Goal of the exercise => For this exercise, reproduce the records exactly as they stand and do not carry any images over.
========================
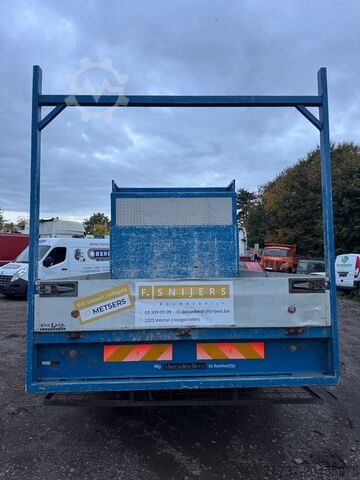 Plataforma plana Mercedes-Benz atego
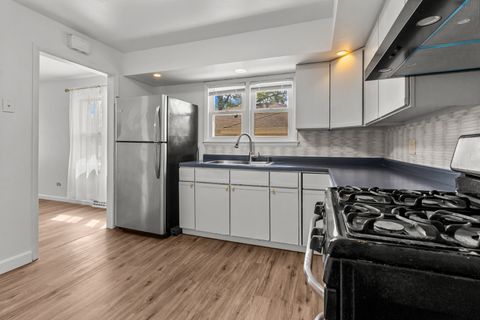 Tiny photo for 312 N Shaddle Avenue, Mundelein, IL 60060 (MLS # 12442330)
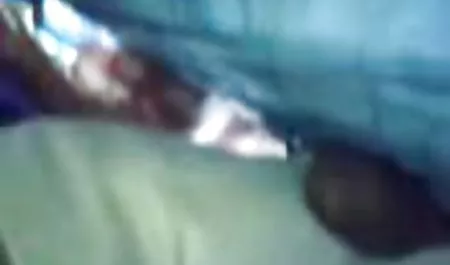 Ama de llaves con una pasión para trabajar más sin chichonas tocandose condón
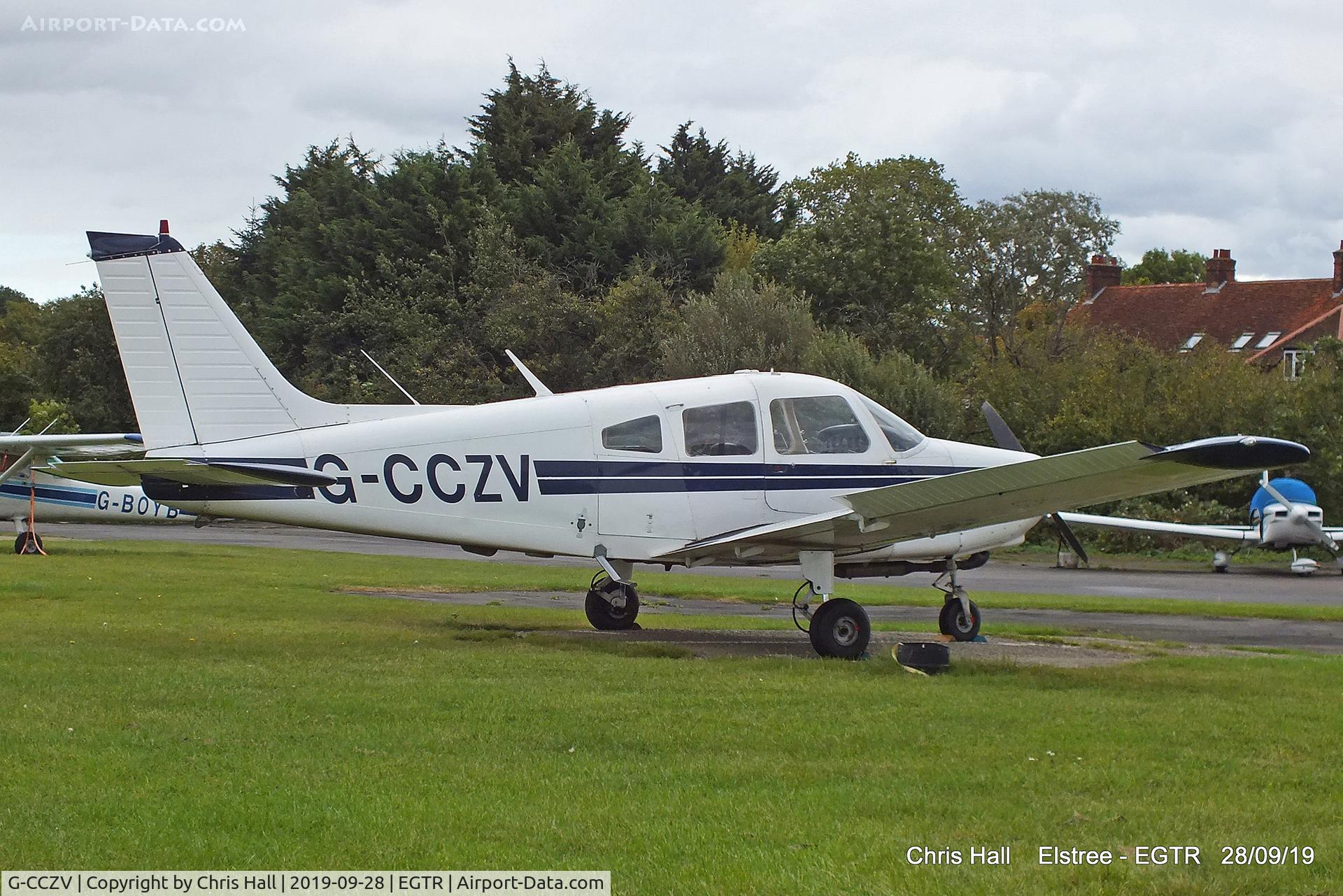 G-CCZV, 1977 Piper PA-28-151 Cherokee Warrior C/N 28-7715089, Elstree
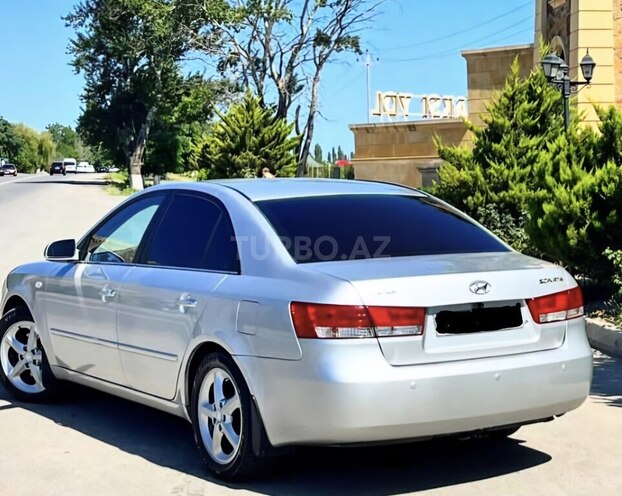 Hyundai Sonata-6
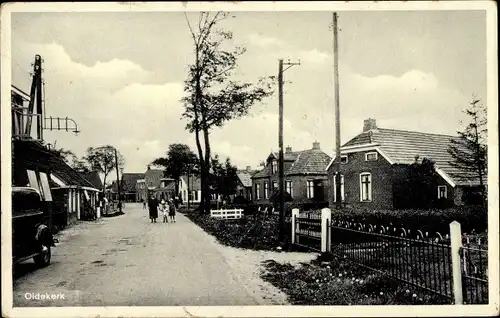 Ak Oldekerk Groningen Niederlande, Straße, Häuser, Passanten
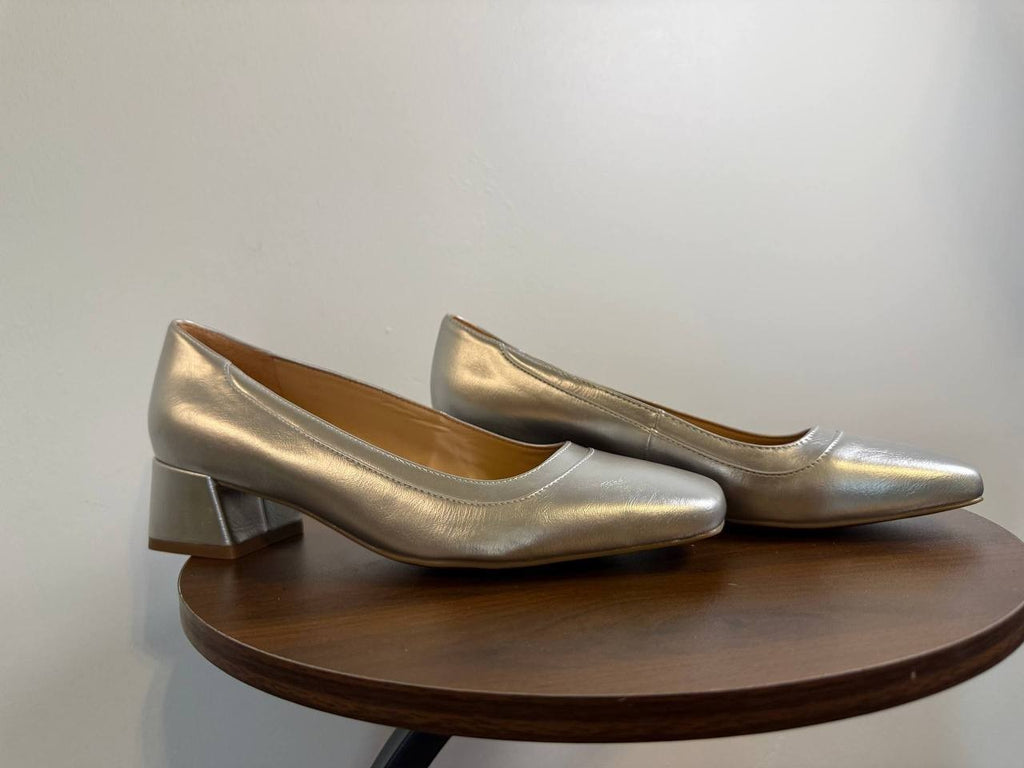 Naturalizer Huntley Square‑Toe Block Heel Pumps – Silver – Size 7W – NIB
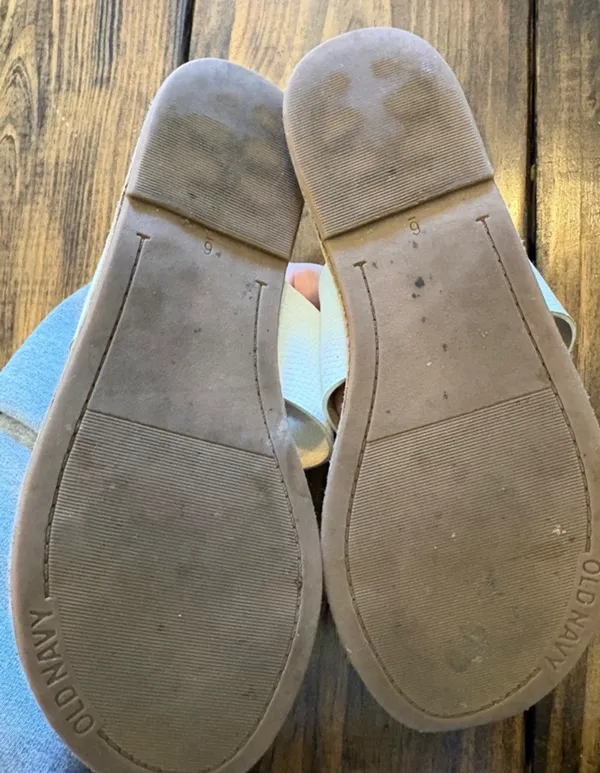 Old Navy Cream Double Strap Slide Sandals - Image 4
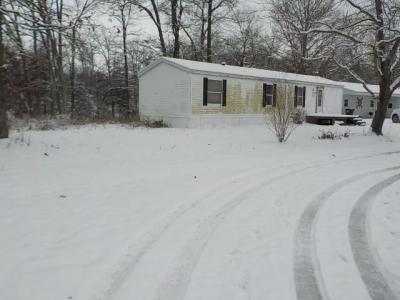 Mobile Home at 2435 N 300th St Casey, IL 62420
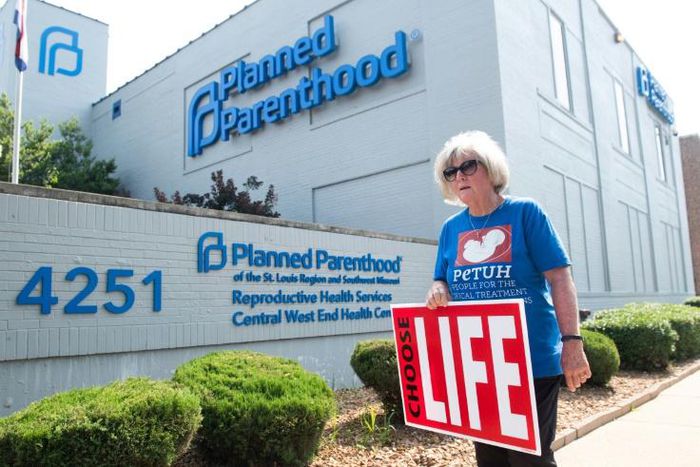 An opponent of abortion outside the only clinic in Missouri that offered the procedure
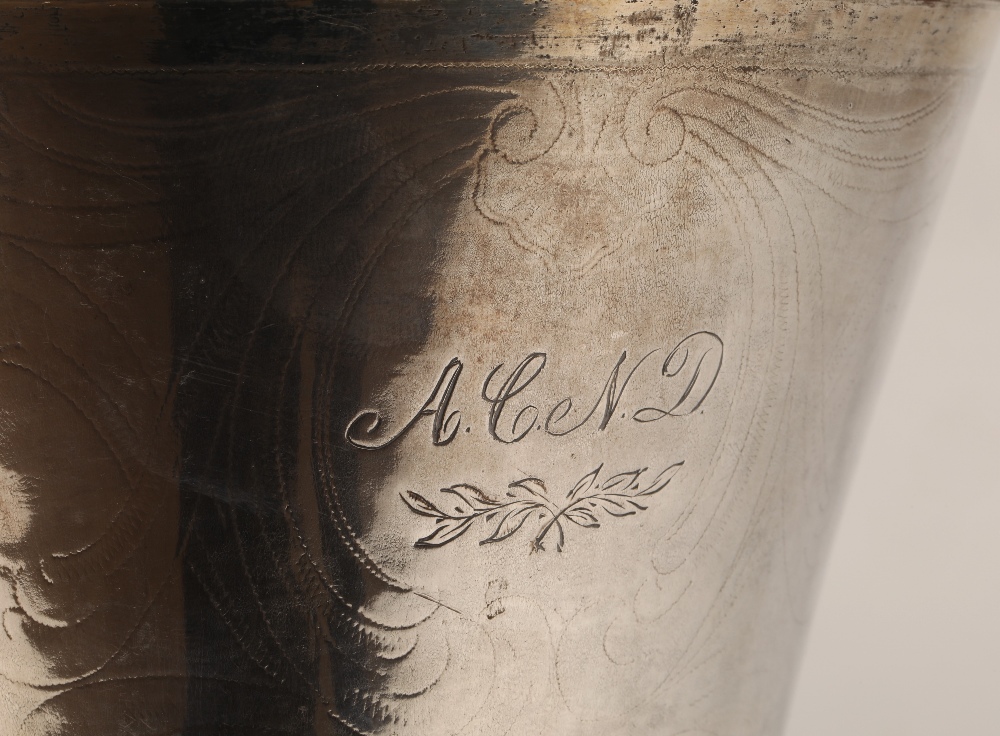 Continental silver flared vase, 22 cm high, 469 grams. - Image 13 of 14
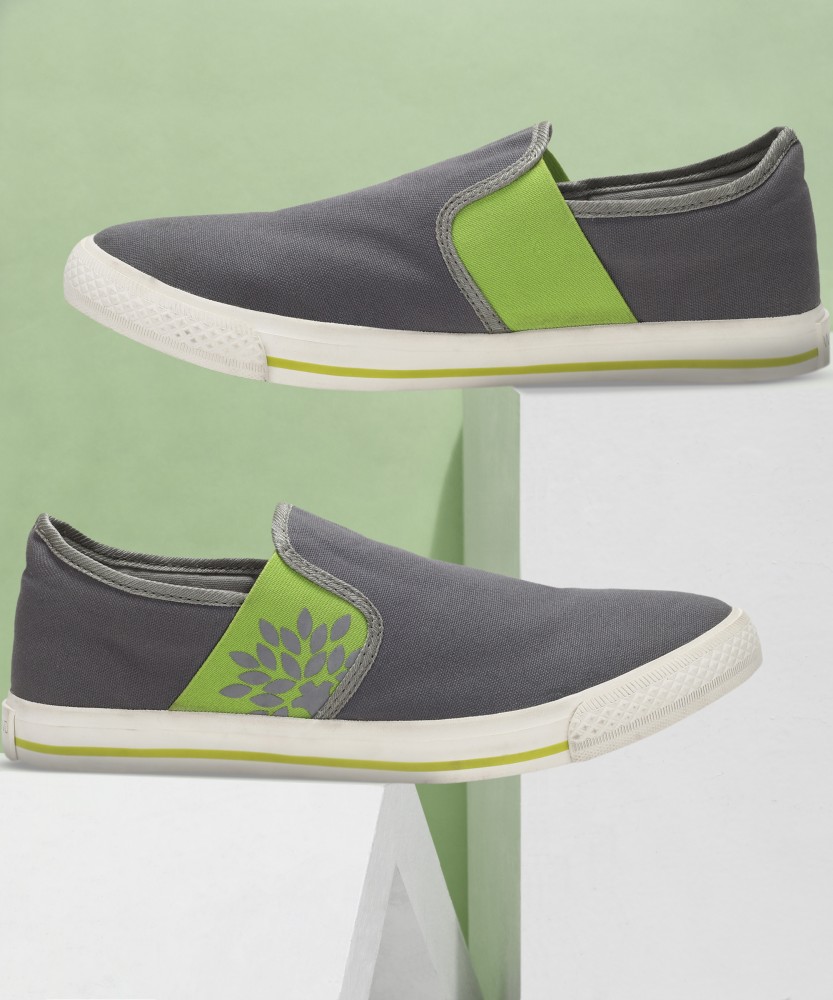 Canvas shoes 2024 for men flipkart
========================
Solution to the exercise =>
 Plataforma plana Mercedes-Benz atego
 Tiny photo for 312 N Shaddle Avenue, Mundelein, IL 60060 (MLS # 12442330)
 Ama de llaves con una pasión para trabajar más sin chichonas tocandose condón
 G-CCZV, 1977 Piper PA-28-151 Cherokee Warrior C/N 28-7715089, Elstree
 Hyundai Sonata-6
 Ak Oldekerk Groningen Niederlande, Straße, Häuser, Passanten
 Naturalizer Huntley Square‑Toe Block Heel Pumps – Silver – Size 7W – NIB
 Old Navy Cream Double Strap Slide Sandals - Image 4
 Mobile Home at 2435 N 300th St Casey, IL 62420
 An opponent of abortion outside the only clinic in Missouri that offered the procedure
 Continental silver flared vase, 22 cm high, 469 grams. - Image 13 of 14
 Canvas shoes 2024 for men flipkart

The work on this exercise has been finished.